- 56°23′07″N 3°20′48″W﻿ / ﻿56.385285°N 3.346666°W
- Location: Kinfauns, Perth and Kinross, Scotland

History
- Built: 1791 (235 years ago)

Site notes
- Architect: William Macdonald Mackenzie (1840 addition)

Listed Building – Category C(S)
- Designated: 9 June 1981
- Reference no.: LB11950

= Manse of Kinfauns =

The Manse of Kinfauns (also known as Kinfauns House) is an historic building located in Kinfauns, Perth and Kinross, Scotland. It was built in 1791 and is now a Category C listed building, It was formerly the manse for the nearby Kinfauns Parish Church.

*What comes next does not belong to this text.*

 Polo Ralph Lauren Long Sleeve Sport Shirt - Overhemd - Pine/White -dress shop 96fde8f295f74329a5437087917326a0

An addition, to the east, in 1840 was the work of William Macdonald Mackenzie, Perth's City Architect, who was born in St Martins, 4.5 miles to the north.

The Church of Scotland sold the property in 1958 to a private owner who remained there for 45 years. It was sold again in 2003.

Loch Kaitre formerly occupied the site beside the manse. It was still present in 1838, but in the mid-19th century, a sinkhole appeared and the manse fell in, witnessed by the minister, who had just left his home en route to the church. The loch remained for a few generations, before being drained by a tenant later in the century for agricultural use of the land beneath it. It is possible Mackenzie's work in 1840 was actually repair work after this episode.